Куприн — страстно любит мир животных, мир птиц, и животные приходят к нему, прикасаются к его душе, — собака, когда мы ее любим, не только целует нашу руку, она и входит в нашу душу, и бегает в нашей душе с таким звонким лаем, что мы становимся веселыми, как утренние охотники в тот час жизни, который называется Юность. Птицы прилетают к Куприну, и на склоне дня, — час, когда сущность ночи начинает входит в сущность дня, и в этом есть обручение души с тем, что прошло, и с тем, что будет, — птицы легким посвистом рассказывают внимательному свою сказку.

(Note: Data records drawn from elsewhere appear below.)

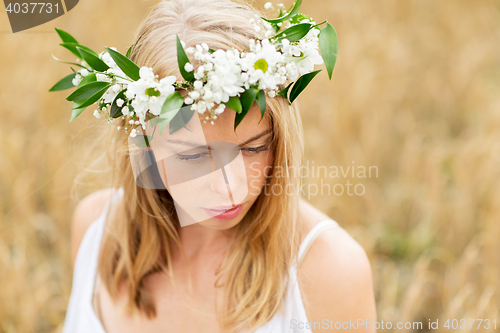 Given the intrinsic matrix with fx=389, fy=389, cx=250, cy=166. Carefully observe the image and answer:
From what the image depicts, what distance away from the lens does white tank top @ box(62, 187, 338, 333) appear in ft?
3.84

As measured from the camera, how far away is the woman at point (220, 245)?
95 centimetres

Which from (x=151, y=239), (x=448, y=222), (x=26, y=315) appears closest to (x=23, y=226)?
(x=26, y=315)

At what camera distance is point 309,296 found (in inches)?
46.3

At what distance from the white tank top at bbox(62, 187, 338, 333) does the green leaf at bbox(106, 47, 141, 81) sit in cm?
63

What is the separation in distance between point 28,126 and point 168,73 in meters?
2.55

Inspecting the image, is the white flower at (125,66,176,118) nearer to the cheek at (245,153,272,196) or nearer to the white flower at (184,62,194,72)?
the white flower at (184,62,194,72)

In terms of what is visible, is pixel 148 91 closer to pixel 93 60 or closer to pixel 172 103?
pixel 172 103

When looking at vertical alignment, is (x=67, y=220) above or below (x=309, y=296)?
below

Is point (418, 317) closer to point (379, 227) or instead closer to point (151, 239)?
point (379, 227)

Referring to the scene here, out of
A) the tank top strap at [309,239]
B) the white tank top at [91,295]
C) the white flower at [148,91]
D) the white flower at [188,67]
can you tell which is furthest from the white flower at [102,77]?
the tank top strap at [309,239]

В благорастворении воздуха дышут все травы и рассказывают тайну леса и луга. В мировом благорасположении художественной души раскрывается тайна существ и замыкается в четкие образы. Кто прочитал однажды такие рассказы Куприна, как ‘Пегие лошади’ и ‘Козлиная жизнь’, тот не забудет их никогда. ‘Золотой петух’ — новый подвиг художественного достижения в тайновидении плоти, превращающейся в дух, в состоянии благоговейного вдохновения.
Когда 15-го апреля нынешнего года друзья Александра Ивановича Куприна выступали один за другим на его вечере, в зале, которая не могла вместить всех желавших слушать его и о нем, я произнес, обращаясь к нему, мою импровизацию, где пытался воплотить именно ту черту Куприна, которая близит его к царству природы.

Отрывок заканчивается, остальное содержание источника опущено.